Na jaren van krimp, laten de Italiaanse huizenprijzen dit jaar voor het eerst een bescheiden groei zien. Standard & Poor’s voorspelt in een deze maand gepubliceerd rapport een gemiddelde stijging van 0,5 procent. Daarmee heeft Italië de slechtst presterende woningmarkt van Europa.
De Italianen herstellen uiterst traag van de financiële crisis. Uit cijfers van Eurostat blijkt dat de Italiaanse woningmarkt de enige is in Europa die sinds 2010 in waarde afnam. Zelfs Spanje zit sinds het begin van 2015 weer in de lift. Een traag economisch herstel zit de woningmarkt dwars. De gemiddelde Italiaan zit bovendien liever op z’n verlies, uitgaande van een herstel van de woningmarkt op een later moment. Het aantal woningverkopen halveerde ruimschoots tussen 2006 (860.000) en 2013 (403.000). Dat zette de woningmarkt op slot, nieuwe huizen werden nauwelijks verkocht en projectontwikkelaars en andere partijen in de vastgoedketen kwamen in de problemen. Zozeer zelfs dat de vastgoedsector verantwoordelijk is voor bijna de helft van alle probleemkredieten van de banken, die daardoor in zwaar weer kwamen. Eerder dit jaar moest Italië voor 17 miljard euro twee banken redden.
Eindelijk weer groei
De hypotheekmarkt laat daarentegen een gezonde groei zien. Hoewel de woningwaardes niet stijgen, zit het aantal verkopen sinds 2014 weer in de lift. Zozeer zelfs, dat de Associazione Bancaria Italiana bekend maakte dat in 2015 het volume aan woonhuishypotheken met 97 procent is toegenomen ten opzichte van het jaar daarvoor. In totaal staat er voor 361,8 miljard euro aan hypotheken uit op de Italiaanse markt.
Langere rentevaste periodes
De gemiddelde Italiaanse hypotheek bedraag 119.000 euro en heeft een LTV van 69,3 procent en een rentepercentage van 2,5 procent. De looptijd van Italiaanse hypotheken was altijd relatief kort – rond de vijftien tot twintig jaar – maar de laatste jaren schuift dat meer op richting dertig jaar. Vanwege de lage rente zijn variabele rentes niet langer meer favoriet, meer dan de helft van de hypotheken wordt afgesloten met een lange rentevaste periode, vaak de volledige looptijd.
Hypotheekverstrekkers zijn vrij strikt en kijken met name naar het inkomen: de maandelijkse woonlasten mogen doorgaans niet meer dan 30 procent van het inkomen bedragen.

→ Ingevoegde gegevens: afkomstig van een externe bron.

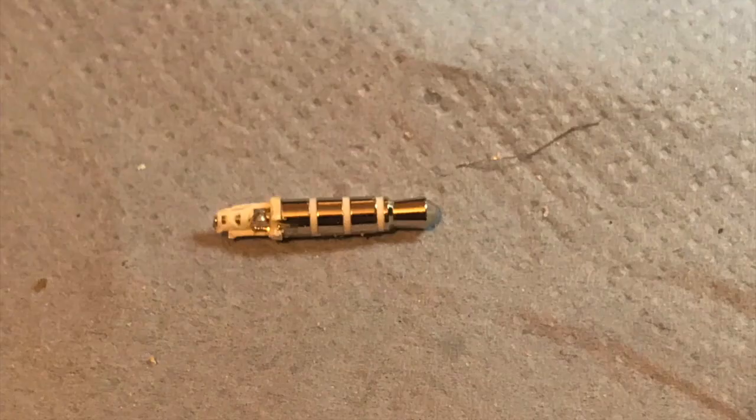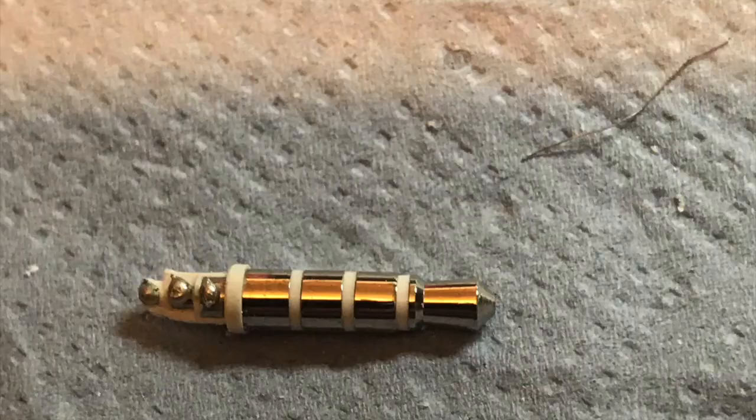Having cut off the iPhone plug and peeled off the plastic, you're left with an ultra small four-pin audio connector, and as you can see it's got three solder points on one side and one solder point on the other.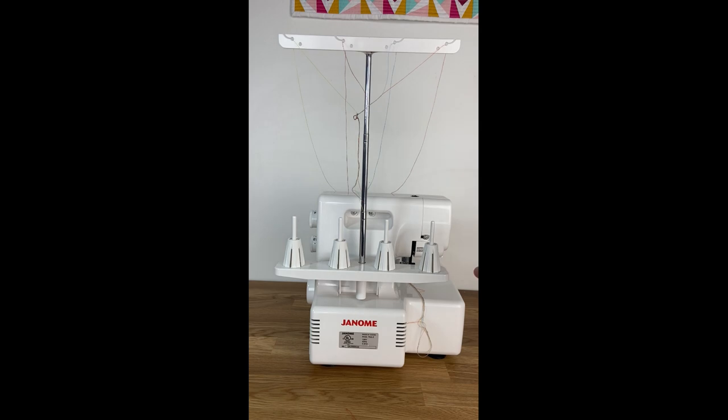On the back of the machine you will see our spool stand with our four spool pins. Attached to these are spool cones or thread cones, and this helps keep our cones of thread on our machine. We also have a thread guide that extends well beyond the top of the machine.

De hypotheekmarkt is gefragmenteerd, tachtig banken zijn goed voor ongeveer tachtig procent van de markt. Hypotheekadviseurs, al dan niet onafhankelijk, weten doorgaans betere deals te krijgen voor hun klanten dan wanneer ze rechtstreeks bij de bank aankloppen. Daar staat wel een commissie tegenover die kan oplopen tot 3 procent van de leensom.
Starters
Om starters op de woningmarkt het leven iets makkelijker te maken, heeft de Italiaanse regering belastingkortingen voor wie voor het eerst een huis koopt. Bovendien is er sinds 2014 het Garanzia Prima Casa-fonds, een soort Nationale Hypotheek Garantie, waarbij de overheid borg staat voor de helft van de hypotheken die niet meer dan 250.000 euro bedragen. Niet alle banken doen hier echter aan mee, en volgens analisten van kredietbeoordelaar Fitch heeft de regeling weinig effect.